*Task to complete*.
Using the records below, locate all lines containing "photo" and return them.

*Data for review*.

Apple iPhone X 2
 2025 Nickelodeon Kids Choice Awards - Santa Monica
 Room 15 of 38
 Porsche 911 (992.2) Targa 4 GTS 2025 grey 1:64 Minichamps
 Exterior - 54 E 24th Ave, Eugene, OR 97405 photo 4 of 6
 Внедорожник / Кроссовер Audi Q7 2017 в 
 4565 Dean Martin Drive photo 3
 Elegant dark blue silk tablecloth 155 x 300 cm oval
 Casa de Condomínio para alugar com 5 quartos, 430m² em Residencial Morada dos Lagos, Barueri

*Output*.
 Exterior - 54 E 24th Ave, Eugene, OR 97405 photo 4 of 6
 4565 Dean Martin Drive photo 3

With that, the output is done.